Apple: Apple suffered a rare 9.9% drop in Japan in Q4 2019, as the premium segment was hardest hit by the new regulation. Despite total iPhone shipments falling in Japan, Apple’s third biggest market globally, it managed to tighten its grip on the overall market. Its share in 2019 increased to 53.3%, against 50.1% in 2018 and 48.0% in 2017. But Apple must urgently strengthen its mid-range portfolio in 2020, as this market is blossoming in Japan, which will further strengthen Apple’s installed base. On the other hand, the delayed Olympics and microeconomic situation, which will cast a shadow over many 5G launches this year, may become a silver lining for Apple, which will try to catch up with its own 5G portfolio by the end of the year.
Samsung: Samsung is determined to increase its share of the Japanese market in 2020. It made a surprise move into the budget segment in Q4 2019, with its Japanese edition of the A20 with an IP68 rating, which accounted for half of Samsung’s shipments in the quarter. The strategy came at the right time, when Japanese consumers were feeling more price-conscious. Later in 2020, Samsung hopes to seize opportunities in the premium Android market, as local players lag in innovation. But Samsung’s biggest challenges will come from Oppo and Xiaomi in the growing budget segment.

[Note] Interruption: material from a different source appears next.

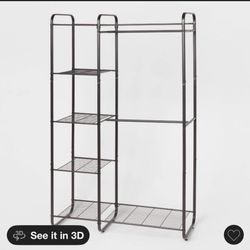 Clothes rack with shelves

Chinese vendors: Oppo shipped 269,000 devices in 2019, mostly from the Reno A series – devices tailor-made for Japanese customers with an IP68 rating. Oppo’s celebrity endorsement tactics with Sashihara also played a part in popularizing its brand. Xiaomi made its move into the competitive Japanese market in 2019, timing its entry to target early 5G adopters. Both vendors have secured important operator channel deals, paving the way to take more share from local vendors. It is expected that in the medium term, Chinese vendors’ best opportunity lies in the growing mid-range segment, where their track record indicates they are poised to excel. As in the premium segment, consumers tend to look beyond specifications and performance.